Writing: How Comedy Can Punch Up Your Prose Regardless of Genre-Part 2

Posted by on Nov 3, 2016 |



Tell the truth. Humor often comes from observing the mundane and every day in a new way. (Like your list of Annoyances/Frustrations)

  1. Roseanne made her career out of what’s it’s like to be working-class mom.
  2. You can’t just write mother-in-law jokes; it has to be your mother-in-law. People know what’s authentic.
  3. Jerry Seinfeld made his entire career about finding the humor in the mundane.
  4. Jeff Foxworthy made a career joking about being a redneck.

The Twist. Comedy depends on surprise, the unexpected.

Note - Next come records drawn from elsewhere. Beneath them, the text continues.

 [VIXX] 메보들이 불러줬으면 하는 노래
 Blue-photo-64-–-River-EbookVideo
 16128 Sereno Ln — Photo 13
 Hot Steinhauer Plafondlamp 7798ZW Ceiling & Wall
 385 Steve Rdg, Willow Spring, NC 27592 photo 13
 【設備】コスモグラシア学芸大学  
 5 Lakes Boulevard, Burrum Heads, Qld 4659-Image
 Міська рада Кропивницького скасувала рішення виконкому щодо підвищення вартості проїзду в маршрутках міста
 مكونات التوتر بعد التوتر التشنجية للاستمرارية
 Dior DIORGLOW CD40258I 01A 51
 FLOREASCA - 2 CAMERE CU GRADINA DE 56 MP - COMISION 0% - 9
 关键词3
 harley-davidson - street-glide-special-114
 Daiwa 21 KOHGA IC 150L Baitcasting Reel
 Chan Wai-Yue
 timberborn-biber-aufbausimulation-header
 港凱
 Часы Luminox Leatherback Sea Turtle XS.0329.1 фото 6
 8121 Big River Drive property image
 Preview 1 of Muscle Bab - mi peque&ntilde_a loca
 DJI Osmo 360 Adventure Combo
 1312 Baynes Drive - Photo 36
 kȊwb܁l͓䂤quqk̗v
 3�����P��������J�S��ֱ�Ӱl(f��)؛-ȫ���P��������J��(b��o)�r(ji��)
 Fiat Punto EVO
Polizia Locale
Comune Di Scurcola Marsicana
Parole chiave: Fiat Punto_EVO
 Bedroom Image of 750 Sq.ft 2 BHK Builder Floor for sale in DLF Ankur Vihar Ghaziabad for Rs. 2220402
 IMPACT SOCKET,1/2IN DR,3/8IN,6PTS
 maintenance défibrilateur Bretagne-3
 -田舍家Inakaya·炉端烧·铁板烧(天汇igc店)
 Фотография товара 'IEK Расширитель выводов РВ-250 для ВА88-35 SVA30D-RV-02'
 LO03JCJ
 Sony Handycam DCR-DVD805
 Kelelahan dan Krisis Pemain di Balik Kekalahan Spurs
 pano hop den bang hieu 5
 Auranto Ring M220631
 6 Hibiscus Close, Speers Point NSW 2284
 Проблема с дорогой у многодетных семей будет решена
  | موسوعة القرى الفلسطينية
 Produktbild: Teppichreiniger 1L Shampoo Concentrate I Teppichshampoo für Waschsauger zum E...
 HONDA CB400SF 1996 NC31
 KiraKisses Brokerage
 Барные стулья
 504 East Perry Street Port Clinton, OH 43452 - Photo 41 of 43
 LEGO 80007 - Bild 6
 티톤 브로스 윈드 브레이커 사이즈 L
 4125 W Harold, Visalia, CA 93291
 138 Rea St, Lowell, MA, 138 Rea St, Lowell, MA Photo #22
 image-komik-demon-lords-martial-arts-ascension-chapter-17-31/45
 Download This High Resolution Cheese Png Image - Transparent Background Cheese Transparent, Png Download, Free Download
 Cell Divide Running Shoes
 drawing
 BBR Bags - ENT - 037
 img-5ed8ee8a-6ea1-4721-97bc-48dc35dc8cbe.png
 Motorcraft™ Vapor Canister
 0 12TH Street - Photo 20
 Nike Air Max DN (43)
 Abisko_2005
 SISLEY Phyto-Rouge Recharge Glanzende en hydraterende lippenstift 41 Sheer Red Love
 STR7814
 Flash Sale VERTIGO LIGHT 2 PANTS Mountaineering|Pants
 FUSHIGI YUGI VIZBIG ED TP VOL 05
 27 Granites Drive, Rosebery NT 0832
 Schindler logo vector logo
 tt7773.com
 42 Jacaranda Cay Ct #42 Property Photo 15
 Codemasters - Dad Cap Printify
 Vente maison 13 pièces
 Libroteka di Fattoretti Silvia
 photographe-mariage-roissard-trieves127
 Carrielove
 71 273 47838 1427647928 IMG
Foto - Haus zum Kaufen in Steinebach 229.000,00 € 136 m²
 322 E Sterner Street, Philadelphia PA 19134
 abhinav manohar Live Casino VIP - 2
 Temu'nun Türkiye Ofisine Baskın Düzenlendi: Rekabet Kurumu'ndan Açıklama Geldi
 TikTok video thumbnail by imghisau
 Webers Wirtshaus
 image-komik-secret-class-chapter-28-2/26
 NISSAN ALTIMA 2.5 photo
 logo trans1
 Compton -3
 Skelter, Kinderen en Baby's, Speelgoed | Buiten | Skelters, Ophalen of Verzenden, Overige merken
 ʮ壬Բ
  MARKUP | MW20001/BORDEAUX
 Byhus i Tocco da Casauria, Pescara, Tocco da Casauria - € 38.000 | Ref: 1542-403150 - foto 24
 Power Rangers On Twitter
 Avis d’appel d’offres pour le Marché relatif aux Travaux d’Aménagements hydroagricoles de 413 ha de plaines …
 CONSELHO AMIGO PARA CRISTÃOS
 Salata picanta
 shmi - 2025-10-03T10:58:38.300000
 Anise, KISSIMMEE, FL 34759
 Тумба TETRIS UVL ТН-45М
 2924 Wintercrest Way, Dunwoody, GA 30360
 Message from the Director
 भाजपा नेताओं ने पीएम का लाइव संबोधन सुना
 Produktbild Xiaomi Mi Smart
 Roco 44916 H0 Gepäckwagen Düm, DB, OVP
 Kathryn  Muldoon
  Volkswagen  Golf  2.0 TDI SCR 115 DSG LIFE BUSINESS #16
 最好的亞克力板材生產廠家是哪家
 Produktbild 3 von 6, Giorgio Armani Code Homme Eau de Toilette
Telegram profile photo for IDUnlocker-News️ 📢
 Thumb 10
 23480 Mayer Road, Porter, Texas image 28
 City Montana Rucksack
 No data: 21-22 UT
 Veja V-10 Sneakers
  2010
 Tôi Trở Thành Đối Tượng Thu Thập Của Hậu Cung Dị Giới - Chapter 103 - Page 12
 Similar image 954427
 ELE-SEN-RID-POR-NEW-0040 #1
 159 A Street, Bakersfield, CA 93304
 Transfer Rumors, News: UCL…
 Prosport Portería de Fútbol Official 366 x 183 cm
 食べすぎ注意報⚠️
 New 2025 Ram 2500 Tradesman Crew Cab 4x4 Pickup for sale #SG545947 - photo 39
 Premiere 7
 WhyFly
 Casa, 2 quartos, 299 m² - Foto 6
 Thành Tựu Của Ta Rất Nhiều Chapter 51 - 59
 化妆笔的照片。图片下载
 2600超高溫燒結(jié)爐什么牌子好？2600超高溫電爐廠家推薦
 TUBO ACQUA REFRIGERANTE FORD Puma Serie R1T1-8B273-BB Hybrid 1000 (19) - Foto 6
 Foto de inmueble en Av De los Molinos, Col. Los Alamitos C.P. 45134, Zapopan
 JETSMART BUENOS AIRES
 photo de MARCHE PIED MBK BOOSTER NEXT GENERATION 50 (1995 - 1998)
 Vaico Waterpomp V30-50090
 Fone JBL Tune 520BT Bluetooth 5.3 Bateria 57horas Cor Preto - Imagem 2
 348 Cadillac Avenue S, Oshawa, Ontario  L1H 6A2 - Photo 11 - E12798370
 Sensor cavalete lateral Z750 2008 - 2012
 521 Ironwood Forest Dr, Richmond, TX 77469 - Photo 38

  1. Example. Roseanne twisted the adage “The quickest way to a man’s heart is through his stomach.” Her take: “The quickest way to a man’s heart is through his chest.”
  2. Example. In the first Indiana Jones and the Raiders of the Lost Arc, instead of getting in a sword fight like we thought he would with the guy skillfully wielding swords around, Indiana just pulled out a gun and killed the guy. The fact that it was unexpected made it funny.


  1. Exaggeration, Puns, Oxymoron (contradiction in terms)
  2. Malaprop—unintentional misstatement or misuse of word or phrase. George W. Bush made comedians’ lives easy by saying things like:
    • “They misunderestimated me.”
    • There’s no question about it. Wall Street got drunk — that’s one of the reasons I asked you to turn off the TV cameras — it got drunk and now it’s got a hangover. The question is how long will it sober up and not try to do all these fancy financial instruments.”
  3. Don’t be afraid of using adverbs and adjectives when writing comedy. One of the first things we writers are taught is SHOW DON’T TELL. Right after that, we learn not to abuse adverbs. So for example, instead of writing “She ran quickly,” you’d user stronger verb choices and write: She raced, she sprinted, she dashed. However, in comedy writing, there is more leniency to the rules.
    1. Example: The shame, the shame, Angela recalled. Childhood with Professors Pearson and Watts had been perfectly stable and even loving, but acutely, serially Amy Peoppel, Small Admissions
    2. From Bill Bryson’s book, IN A SUNBURNED COUNTRY (nonfiction)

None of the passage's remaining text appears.